SUPPLIED INFORMATION START

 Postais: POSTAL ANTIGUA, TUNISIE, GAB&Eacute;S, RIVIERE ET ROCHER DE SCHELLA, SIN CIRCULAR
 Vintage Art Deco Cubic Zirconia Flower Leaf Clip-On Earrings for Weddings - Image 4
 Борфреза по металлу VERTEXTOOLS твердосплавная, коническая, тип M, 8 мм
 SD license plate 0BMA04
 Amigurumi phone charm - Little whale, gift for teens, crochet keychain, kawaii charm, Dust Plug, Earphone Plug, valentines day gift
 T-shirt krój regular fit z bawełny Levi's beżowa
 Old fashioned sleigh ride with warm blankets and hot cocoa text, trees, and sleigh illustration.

SUPPLIED INFORMATION END
SUPPLIED INFORMATION START

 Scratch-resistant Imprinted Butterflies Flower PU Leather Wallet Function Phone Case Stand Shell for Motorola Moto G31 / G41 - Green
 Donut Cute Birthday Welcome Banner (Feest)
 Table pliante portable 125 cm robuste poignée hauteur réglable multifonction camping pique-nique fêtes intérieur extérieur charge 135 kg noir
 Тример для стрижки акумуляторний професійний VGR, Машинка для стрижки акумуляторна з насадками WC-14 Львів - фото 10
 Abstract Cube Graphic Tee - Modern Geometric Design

SUPPLIED INFORMATION END

#### DESCRIPTION OF THE TASK
Each line of the entries above that has the word "Flower" is to be copied.

#### TASK RESPONSE
 Vintage Art Deco Cubic Zirconia Flower Leaf Clip-On Earrings for Weddings - Image 4
 Scratch-resistant Imprinted Butterflies Flower PU Leather Wallet Function Phone Case Stand Shell for Motorola Moto G31 / G41 - Green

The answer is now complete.